その代わりに魔物の初回討伐時などの特典で得られるポイントなどの報酬が増えて豪華になったらしい。
『聖樹の数が増えたことで神の使いにも多少余裕が生まれたということかもしれんのう』
『それによってこちらに与える恩恵を増やすことができたってか。まあ貰える物が増えるのは悪い話じゃねえし、譲達のような帰還者以外の特典を得た奴が強くなれる可能性が高まったこと自体は良い事だろ』
ポイントは幾ら有っても困るものではないし、今後もそうやって特典が豪華になっていけば、いずれは邪神陣営と戦うのに非常に有効な何かが神の使いからも送られてくるかもしれない。
それこそ聖樹のような特別な施設などに類似した起死回生となるものが。
『私の方も新しい施設って感じではないわね。どうやら既存の施設に徴収機能を作られるようになってはいるようだけど』
徴収機能は言葉通り、選択した対象から一定のHPやMP、あるいはポイントなどを強制的に聖樹に奉納させることができるようになるというものだった。
主な使い方としては牢獄に徴収機能を追加することで、中に収監した人物からHPなどを強制的に徴収して、聖樹に奉納させられるようになる感じだった。

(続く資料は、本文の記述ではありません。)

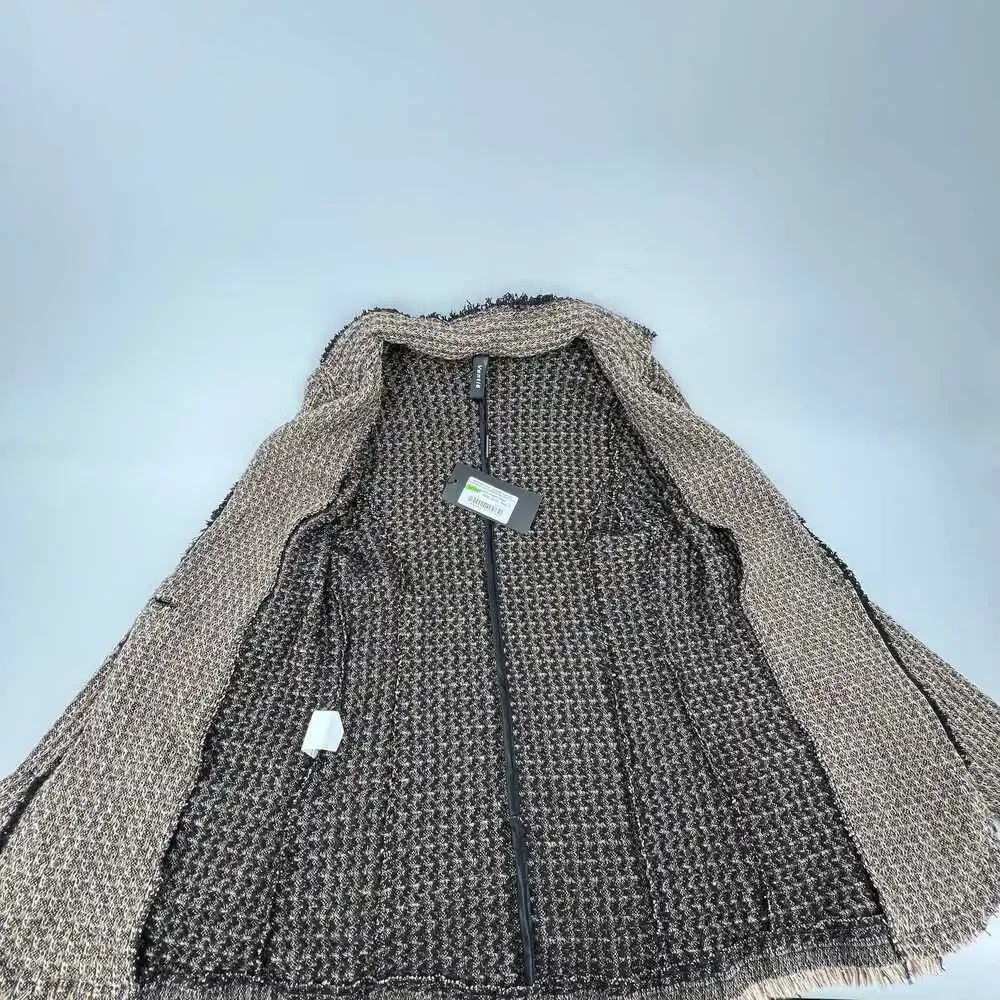 Venti6 this blazer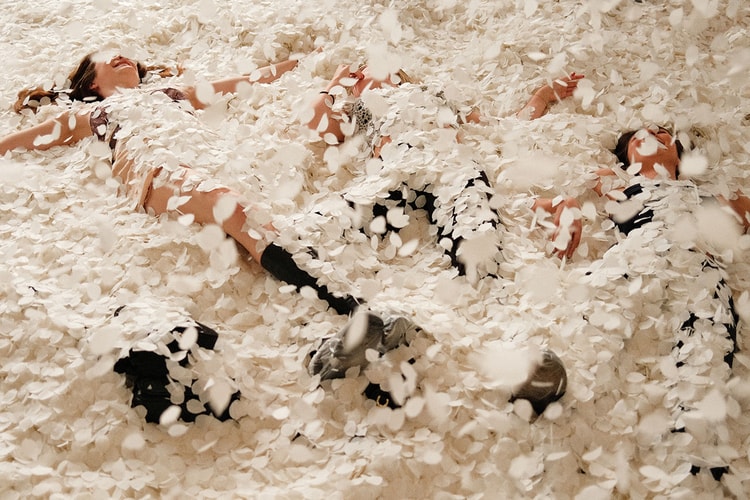 Artist Cj Hendry Presents Her First-Ever Solo Exhibition in London
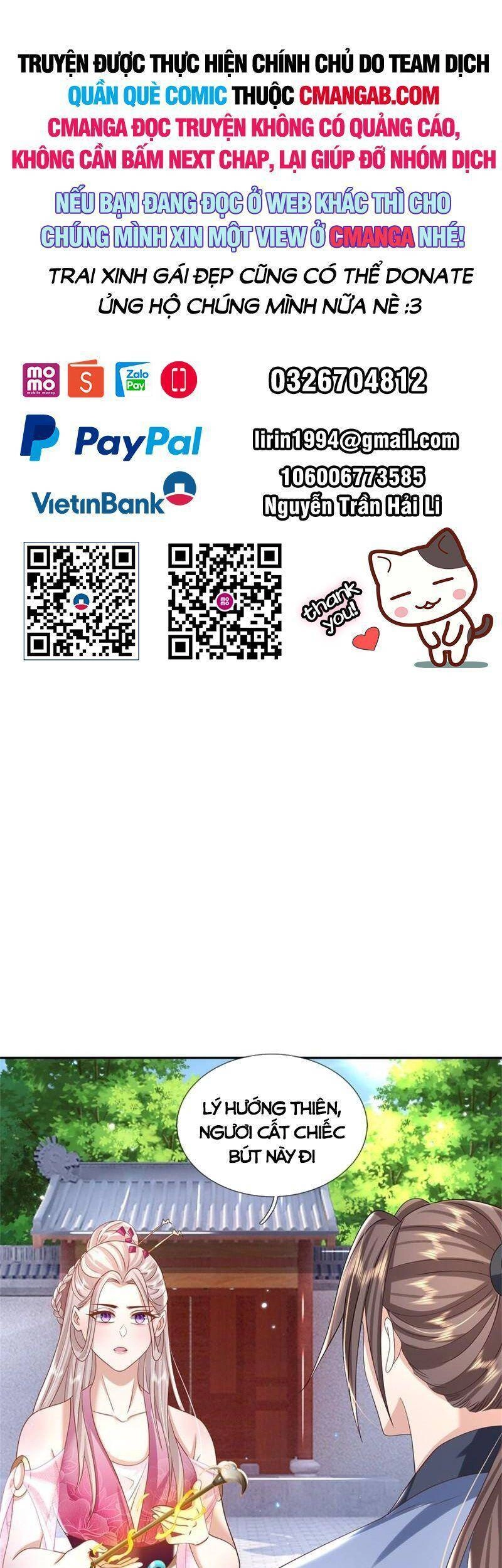 Ta Trở Về Từ Thế Giới Tu Tiên Chapter 170 - 1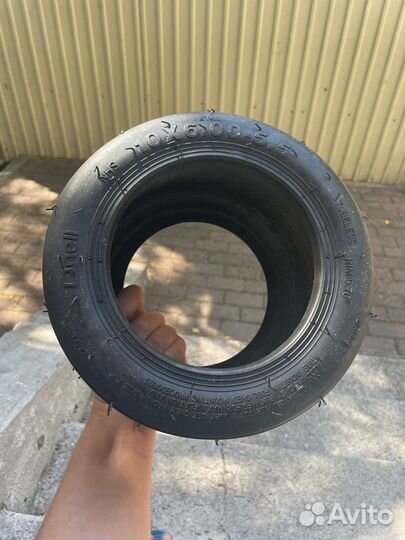 Покрышки, камеры на электросамокаты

『あとはこれを居住区で上手く使えば、それこそ滞在するのに条件付けすることも出来ると思うわ。それこそ居住区で暮らすためには、一定のMPを期間内に収める必要があるようにするとかで』
『聖樹版の家賃や税金みたいなもんか。まあいつまでも無料で各種施設を使い放題だと思われても困るし、取れるとこから取っていくので良いんじゃねえか』
聖樹を維持するために必要なエネルギーをそうやって少しでも賄えるようにすると。
勿論すぐには無理だろうが、行く行くは俺の無限魔力に頼らないで運用できるようにするためにもこれは必要な機能となるだろう。
『それで最後の俺の方なんだが、どうやら花壇らしい』
『花壇? 花を植えて育てるっていうあれよね』
勿論これはただ花を植えてガーデニングするためだけの施設ではない。
『機能としては農場の花に特化しているバージョンって感じみたいだな』
育てられる花の種類についても色々とあるようで、中にはこの世界に存在しないものもあるようである。
というか主にそれを育てるのがこの施設の主な活用法と思われる。
『聞いた感じだと俺の錬金術とかの生産職で利用できる素材も結構手に入りそうではあるな。分かった、その辺りの検証は俺と大樹とかで済ませておくさ。特に大樹ならそこら辺は得意分野だろうから、俺達では考えられない活用の仕方ができるかもしれねえし』
『ああ、頼んだ。とりあえず俺達は手持ちの聖樹の種がなくなるまではダンジョン攻略に勤しむ必要があるからな』
残念なことに今回のダンジョン攻略で種を手に入れた人は誰もいなかったので残りの聖樹の種は三つしかない。
なので俺と叶恵、そして先生たちで一つずつに分けてあるも同じように三カ所のダンジョンを攻略することにした。
結論から言えば、その三つについても問題なく設置は完了して新たな聖樹が展開されることとなる。
だからこそ問題となるのは、遂に聖樹の種が俺達の手持ちから無くなってしまったという点だった。
前書きにもある通り、12月1日にHJ文庫から第1巻が発売されました!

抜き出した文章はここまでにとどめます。